Wilson and his family made their home in Pensacola, where he cut his teeth in marketing and promotions at the advertising agency Dodson, Craddock & Born.
John Winder, media team co-chair within the Bermuda Race Organising Committee, says in tribute: “Talbot did an amazing job for the race over 26 years. He was super at bringing people together, had an encyclopaedic knowledge of the event going back to the first race in 1906, and his press releases stood out as informative, knowledgeable and always very readable.”

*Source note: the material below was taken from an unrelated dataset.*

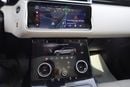 Land Rover Range Rover Velar P250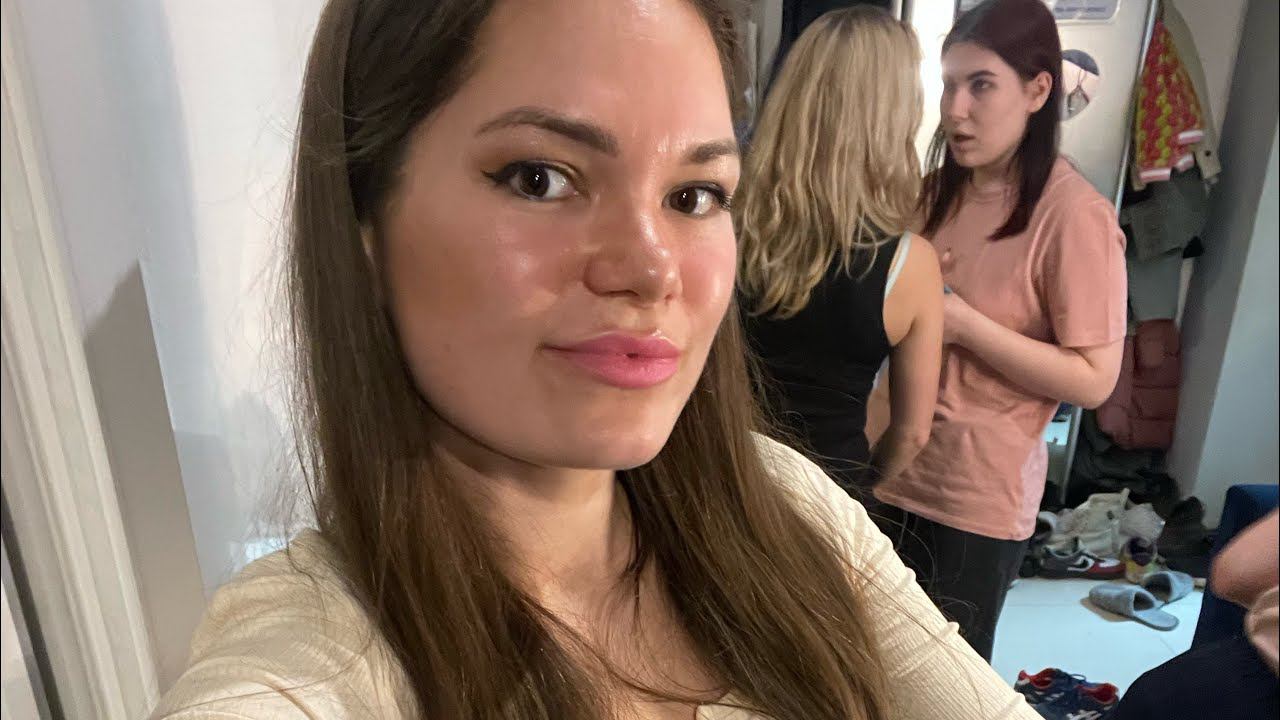 Inns amazing cover смотреть онлайн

Brian Billings, commodore of the RBYC between 1994 and 1995 says: “Talbot was very much involved with all the international events held in Bermuda. Talbot worked with me in saving the Onion Patch three-boat team event, wrapped around the Newport Bermuda Race. The series thrived during his tenure when similar events like the Cowes-based Admiral’s Cup and Sardinia Cup series were dropped from the international calendar.”
Talbot Wilson’s greatest achievement perhaps came with the Centennial Bermuda Race in 2006 when his media drive and wide-ranging contacts within the sailing world helped to draw a record 265 entries. Billings recalls: “It proved to be one of the most memorable events with New Yorker Peter S. Rebovich and family crewmembers in the veteran Cal 40 Sinn Fein sweeping the board to win the St David’s Lighthouse Trophy.”

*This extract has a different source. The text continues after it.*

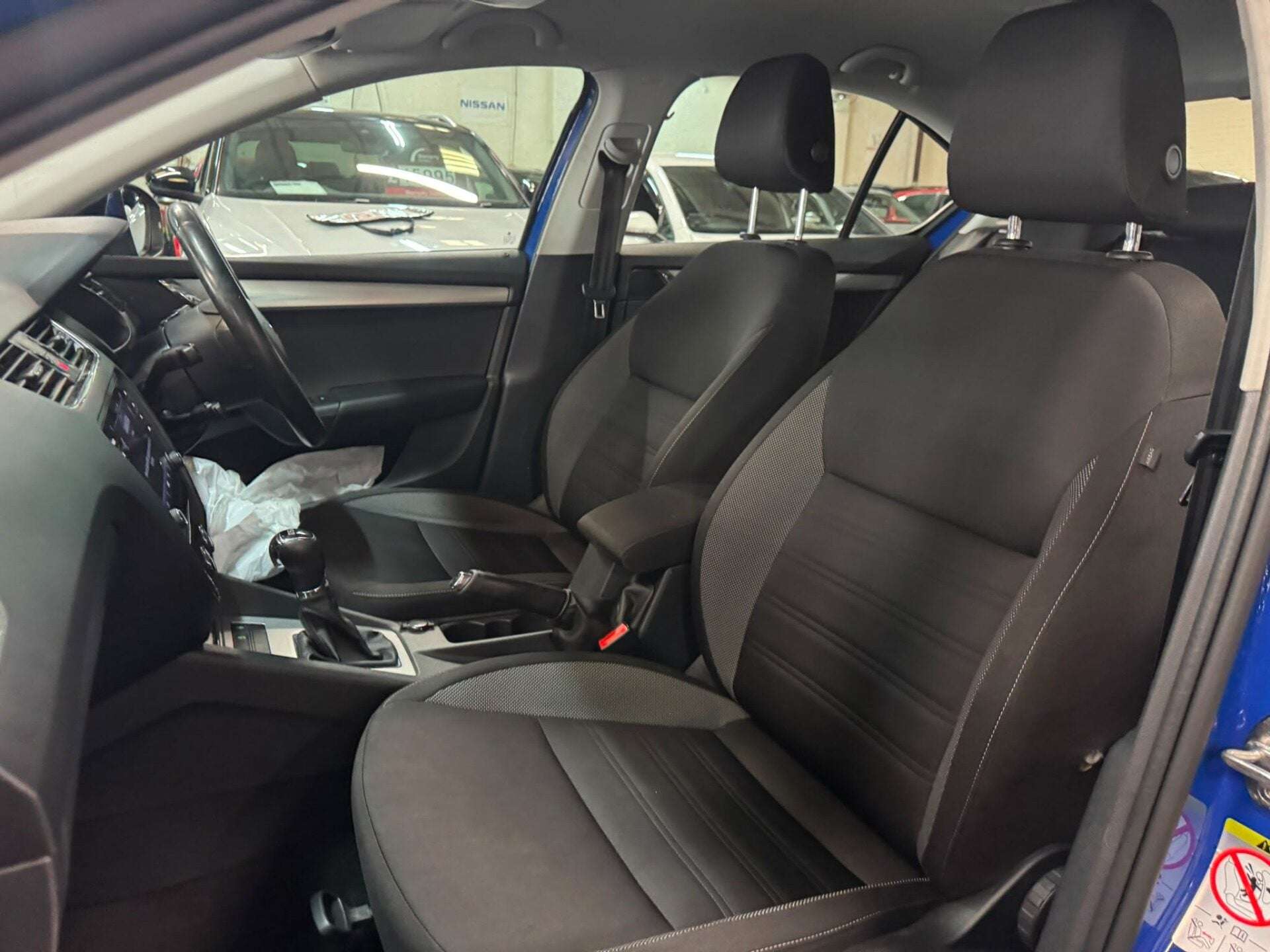 2019 SKODA OCTAVIA 2019 SKODA OCTAVIA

That boat’s provocative name had caused some concerns during previous races, particularly in Bermuda, where the Sinn Fein movement was viewed more in terms of terrorism than the Irish Independence party now governing Northern Ireland. The Princess Royal’s arrival in Bermuda to present the 100th anniversary prizes only heightened those concerns, but any issues that might have resulted from the maverick skipper rubbing shoulders with British royalty were swept aside with a few quiet words from Talbot before the prize-giving. And when Rebovich and his crew repeated their win two years later, the mood had changed completely, with the Sinn Fein team feted for their back-to-back success.
Talbot had a nose for good news stories, which he nurtured from an early stage. There was the time Sir John Vereker, the Governor of Bermuda, joined Colin Couper’s crew on the Bermudian Swan 46 entry Babe, winning their class and finishing third overall in 2008. This was Sir John’s first ocean race, and he was ecstatic about their performance, coming on shore at the RBYC proudly wearing a cap bearing his crew nickname “Rail Meat”. The story made the papers across the world.
Another surrounded the salvage, restoration and eventual division win for the all-women crew on board Lea de Haas’s former Admiral’s Cup yacht Synergy. The yacht had sunk at her mooring in St Maarten in 1999 and remained underwater for 19 days, during which time the coral seabed had ground a great hole through the hull. Undeterred, Hass devoted two years to fully restoring the wreck and was rewarded with victory in the Finisterre Cruiser Division in the 2006 Centennial Race. It was a surprise result to all but Talbot — having followed the yacht’s restoration and crew preparations for the race, he had their story chapter and verse complete with pictures, ready to send out the moment Haas and her crew had crossed the St David’s finish line.
John Nichols, commodore of the Royal Hamilton Amateur Dinghy Club, says: “Our sport of sailing greatly benefitted from Talbot’s skill sets as both writer and marketing specialist, as well as his great passion for the sport. His ability to write a great story was accompanied by the skill of a great raconteur, and the recounting of many a tale accumulated was always welcome at the dinner table.”
Talbot is survived by his second wife, Virginia who also played an important role within the Bermuda Race media team, son John Wilson, daughter Katie, and five grandchildren.